Short web captions
# # #

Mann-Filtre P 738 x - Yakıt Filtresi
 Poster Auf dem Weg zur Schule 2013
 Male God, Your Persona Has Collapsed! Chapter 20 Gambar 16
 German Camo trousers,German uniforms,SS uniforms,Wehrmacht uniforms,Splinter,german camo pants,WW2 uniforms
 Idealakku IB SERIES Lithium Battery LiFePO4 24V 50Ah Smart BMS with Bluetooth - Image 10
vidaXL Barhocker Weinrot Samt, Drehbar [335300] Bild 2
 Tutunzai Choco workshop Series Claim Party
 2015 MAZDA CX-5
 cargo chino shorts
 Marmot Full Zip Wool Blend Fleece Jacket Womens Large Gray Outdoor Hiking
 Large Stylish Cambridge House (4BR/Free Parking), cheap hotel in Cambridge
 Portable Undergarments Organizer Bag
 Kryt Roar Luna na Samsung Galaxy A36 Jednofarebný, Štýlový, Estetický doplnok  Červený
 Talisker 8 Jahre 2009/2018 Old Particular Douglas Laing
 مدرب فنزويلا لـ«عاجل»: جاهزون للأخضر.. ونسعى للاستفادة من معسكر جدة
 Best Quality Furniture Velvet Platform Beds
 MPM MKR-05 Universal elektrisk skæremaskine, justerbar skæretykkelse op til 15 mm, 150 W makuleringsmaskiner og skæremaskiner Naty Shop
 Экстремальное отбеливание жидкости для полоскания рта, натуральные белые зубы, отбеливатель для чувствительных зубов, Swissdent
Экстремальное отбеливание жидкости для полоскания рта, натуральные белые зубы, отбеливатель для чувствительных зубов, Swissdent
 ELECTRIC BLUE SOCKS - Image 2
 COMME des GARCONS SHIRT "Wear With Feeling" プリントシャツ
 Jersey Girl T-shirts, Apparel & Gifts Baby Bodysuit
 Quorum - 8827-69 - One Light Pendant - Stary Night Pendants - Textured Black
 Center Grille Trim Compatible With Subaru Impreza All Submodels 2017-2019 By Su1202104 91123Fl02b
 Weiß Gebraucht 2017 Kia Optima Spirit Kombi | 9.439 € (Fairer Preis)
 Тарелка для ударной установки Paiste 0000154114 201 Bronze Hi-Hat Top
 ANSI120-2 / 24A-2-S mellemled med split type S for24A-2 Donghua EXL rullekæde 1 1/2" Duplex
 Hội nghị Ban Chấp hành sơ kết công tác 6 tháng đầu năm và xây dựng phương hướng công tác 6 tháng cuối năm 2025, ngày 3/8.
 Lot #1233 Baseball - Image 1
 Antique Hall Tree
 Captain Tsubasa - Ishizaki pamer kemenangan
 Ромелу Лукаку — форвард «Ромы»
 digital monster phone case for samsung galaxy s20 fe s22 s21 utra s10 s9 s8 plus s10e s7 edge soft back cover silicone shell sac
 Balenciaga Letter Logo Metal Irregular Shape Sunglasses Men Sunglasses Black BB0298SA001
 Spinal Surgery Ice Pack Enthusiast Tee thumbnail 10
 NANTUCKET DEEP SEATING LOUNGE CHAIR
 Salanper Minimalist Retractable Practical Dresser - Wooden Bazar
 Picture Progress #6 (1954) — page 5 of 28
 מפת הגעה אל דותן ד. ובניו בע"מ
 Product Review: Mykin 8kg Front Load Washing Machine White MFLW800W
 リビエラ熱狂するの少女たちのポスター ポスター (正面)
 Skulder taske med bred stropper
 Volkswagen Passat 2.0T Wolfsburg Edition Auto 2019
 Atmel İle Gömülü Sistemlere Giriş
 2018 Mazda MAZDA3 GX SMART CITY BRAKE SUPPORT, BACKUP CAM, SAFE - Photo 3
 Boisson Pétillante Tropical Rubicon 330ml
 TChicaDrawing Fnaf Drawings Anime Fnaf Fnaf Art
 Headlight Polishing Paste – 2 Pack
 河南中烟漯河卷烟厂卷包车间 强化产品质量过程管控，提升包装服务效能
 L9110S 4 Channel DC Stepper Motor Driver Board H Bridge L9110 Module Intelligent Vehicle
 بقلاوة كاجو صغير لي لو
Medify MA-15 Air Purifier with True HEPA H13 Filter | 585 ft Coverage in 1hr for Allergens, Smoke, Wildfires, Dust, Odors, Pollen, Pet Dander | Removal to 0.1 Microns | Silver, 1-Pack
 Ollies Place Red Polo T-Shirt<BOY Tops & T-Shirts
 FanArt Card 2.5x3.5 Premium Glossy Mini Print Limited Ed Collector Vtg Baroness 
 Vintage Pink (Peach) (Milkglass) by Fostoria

# # #

WHAT TO PRODUCE: Set down the records above once more, exactly as they stand.

ANSWER SPACE:
Mann-Filtre P 738 x - Yakıt Filtresi
 Poster Auf dem Weg zur Schule 2013
 Male God, Your Persona Has Collapsed! Chapter 20 Gambar 16
 German Camo trousers,German uniforms,SS uniforms,Wehrmacht uniforms,Splinter,german camo pants,WW2 uniforms
 Idealakku IB SERIES Lithium Battery LiFePO4 24V 50Ah Smart BMS with Bluetooth - Image 10
vidaXL Barhocker Weinrot Samt, Drehbar [335300] Bild 2
 Tutunzai Choco workshop Series Claim Party
 2015 MAZDA CX-5
 cargo chino shorts
 Marmot Full Zip Wool Blend Fleece Jacket Womens Large Gray Outdoor Hiking
 Large Stylish Cambridge House (4BR/Free Parking), cheap hotel in Cambridge
 Portable Undergarments Organizer Bag
 Kryt Roar Luna na Samsung Galaxy A36 Jednofarebný, Štýlový, Estetický doplnok  Červený
 Talisker 8 Jahre 2009/2018 Old Particular Douglas Laing
 مدرب فنزويلا لـ«عاجل»: جاهزون للأخضر.. ونسعى للاستفادة من معسكر جدة
 Best Quality Furniture Velvet Platform Beds
 MPM MKR-05 Universal elektrisk skæremaskine, justerbar skæretykkelse op til 15 mm, 150 W makuleringsmaskiner og skæremaskiner Naty Shop
 Экстремальное отбеливание жидкости для полоскания рта, натуральные белые зубы, отбеливатель для чувствительных зубов, Swissdent
Экстремальное отбеливание жидкости для полоскания рта, натуральные белые зубы, отбеливатель для чувствительных зубов, Swissdent
 ELECTRIC BLUE SOCKS - Image 2
 COMME des GARCONS SHIRT "Wear With Feeling" プリントシャツ
 Jersey Girl T-shirts, Apparel & Gifts Baby Bodysuit
 Quorum - 8827-69 - One Light Pendant - Stary Night Pendants - Textured Black
 Center Grille Trim Compatible With Subaru Impreza All Submodels 2017-2019 By Su1202104 91123Fl02b
 Weiß Gebraucht 2017 Kia Optima Spirit Kombi | 9.439 € (Fairer Preis)
 Тарелка для ударной установки Paiste 0000154114 201 Bronze Hi-Hat Top
 ANSI120-2 / 24A-2-S mellemled med split type S for24A-2 Donghua EXL rullekæde 1 1/2" Duplex
 Hội nghị Ban Chấp hành sơ kết công tác 6 tháng đầu năm và xây dựng phương hướng công tác 6 tháng cuối năm 2025, ngày 3/8.
 Lot #1233 Baseball - Image 1
 Antique Hall Tree
 Captain Tsubasa - Ishizaki pamer kemenangan
 Ромелу Лукаку — форвард «Ромы»
 digital monster phone case for samsung galaxy s20 fe s22 s21 utra s10 s9 s8 plus s10e s7 edge soft back cover silicone shell sac
 Balenciaga Letter Logo Metal Irregular Shape Sunglasses Men Sunglasses Black BB0298SA001
 Spinal Surgery Ice Pack Enthusiast Tee thumbnail 10
 NANTUCKET DEEP SEATING LOUNGE CHAIR
 Salanper Minimalist Retractable Practical Dresser - Wooden Bazar
 Picture Progress #6 (1954) — page 5 of 28
 מפת הגעה אל דותן ד. ובניו בע"מ
 Product Review: Mykin 8kg Front Load Washing Machine White MFLW800W
 リビエラ熱狂するの少女たちのポスター ポスター (正面)
 Skulder taske med bred stropper
 Volkswagen Passat 2.0T Wolfsburg Edition Auto 2019
 Atmel İle Gömülü Sistemlere Giriş
 2018 Mazda MAZDA3 GX SMART CITY BRAKE SUPPORT, BACKUP CAM, SAFE - Photo 3
 Boisson Pétillante Tropical Rubicon 330ml
 TChicaDrawing Fnaf Drawings Anime Fnaf Fnaf Art
 Headlight Polishing Paste – 2 Pack
 河南中烟漯河卷烟厂卷包车间 强化产品质量过程管控，提升包装服务效能
 L9110S 4 Channel DC Stepper Motor Driver Board H Bridge L9110 Module Intelligent Vehicle
 بقلاوة كاجو صغير لي لو
Medify MA-15 Air Purifier with True HEPA H13 Filter | 585 ft Coverage in 1hr for Allergens, Smoke, Wildfires, Dust, Odors, Pollen, Pet Dander | Removal to 0.1 Microns | Silver, 1-Pack
 Ollies Place Red Polo T-Shirt<BOY Tops & T-Shirts
 FanArt Card 2.5x3.5 Premium Glossy Mini Print Limited Ed Collector Vtg Baroness 
 Vintage Pink (Peach) (Milkglass) by Fostoria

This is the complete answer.